[Records drawn from a dataset]
----

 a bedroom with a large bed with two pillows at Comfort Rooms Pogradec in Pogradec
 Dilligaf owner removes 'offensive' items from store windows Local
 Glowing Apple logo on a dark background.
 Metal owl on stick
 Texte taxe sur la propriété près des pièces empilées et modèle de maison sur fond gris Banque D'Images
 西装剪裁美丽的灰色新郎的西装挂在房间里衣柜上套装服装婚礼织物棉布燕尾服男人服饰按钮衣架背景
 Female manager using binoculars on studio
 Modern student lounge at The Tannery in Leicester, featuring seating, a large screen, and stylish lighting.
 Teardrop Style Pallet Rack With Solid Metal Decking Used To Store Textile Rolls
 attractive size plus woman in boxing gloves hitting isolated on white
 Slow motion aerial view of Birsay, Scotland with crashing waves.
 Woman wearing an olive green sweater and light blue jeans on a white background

----

WHAT THE EXERCISE ASKS:
Taking the line containing "Metal owl on stick" as the first, please return it and every line after it through the end of the entries, exactly and only those.

SOLVED EXERCISE:
 Metal owl on stick
 Texte taxe sur la propriété près des pièces empilées et modèle de maison sur fond gris Banque D'Images
 西装剪裁美丽的灰色新郎的西装挂在房间里衣柜上套装服装婚礼织物棉布燕尾服男人服饰按钮衣架背景
 Female manager using binoculars on studio
 Modern student lounge at The Tannery in Leicester, featuring seating, a large screen, and stylish lighting.
 Teardrop Style Pallet Rack With Solid Metal Decking Used To Store Textile Rolls
 attractive size plus woman in boxing gloves hitting isolated on white
 Slow motion aerial view of Birsay, Scotland with crashing waves.
 Woman wearing an olive green sweater and light blue jeans on a white background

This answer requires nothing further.